L’armée israélienne a lancé vendredi une série de frappes « à grande échelle » sur Téhéran, ciblant les infrastructures du pouvoir iranien. Cette offensive marque une nouvelle phase dans le conflit opposant Israël à l’Iran. La télévision d’État iranienne, Irib, a rapporté des explosions dans divers quartiers de la capitale, à l’est et à l’ouest. Simultanément, de nouveaux bombardements ont touché la banlieue sud de Beyrouth, un bastion du Hezbollah, selon l’agence d’État libanaise.

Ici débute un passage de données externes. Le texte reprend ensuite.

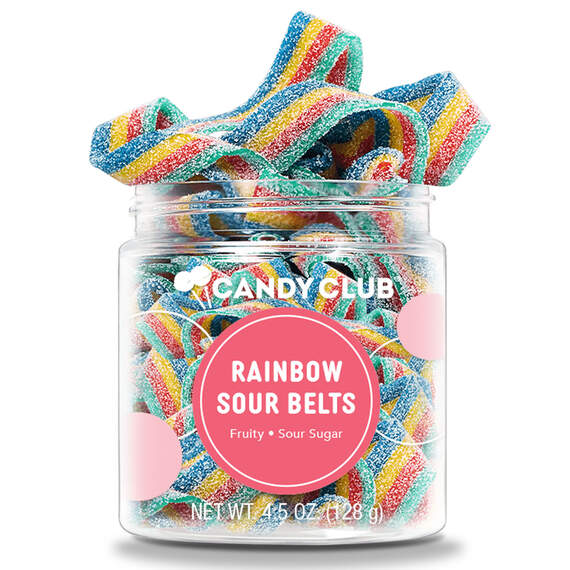 Candy Club Rainbow Sour Belts Gummy Candies in Jar, 4.5 oz.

Alors que les sirènes d’alerte retentissaient jeudi dans plusieurs pays de la région, la guerre entre Israël et les États-Unis contre l’Iran, débutée le 28 février, embrase le Moyen-Orient et suscite l’inquiétude des acteurs économiques mondiaux. La durée du conflit reste incertaine, le ministre américain de la Défense, Pete Hegseth, ayant déclaré que Washington disposait de munitions suffisantes pour « mener cette campagne aussi longtemps qu’il le faudra ».
Le chef d’état-major israélien, Eyal Zamir, a annoncé une nouvelle phase de la guerre, axée sur le « démantèlement du régime » iranien et de ses capacités militaires, après avoir neutralisé le réseau de missiles balistiques iraniens. À Washington, Donald Trump a exigé d’être impliqué dans le choix du successeur du Guide suprême iranien, Ali Khamenei, tué lors d’une frappe, écartant l’idée que son fils puisse être choisi.
Malgré les frappes, l’Iran conserve des capacités offensives. L’Arabie saoudite et le Qatar ont signalé avoir déjoué des attaques de drones et de missiles visant des bases aériennes. Les Gardiens de la révolution ont, quant à eux, revendiqué une nouvelle salve de missiles en direction de Tel-Aviv. Face à l’escalade, le président français Emmanuel Macron a affirmé que la France ne s’engagerait pas dans ce conflit, soulignant l’importance d’empêcher le Liban d’être à nouveau entraîné dans la guerre.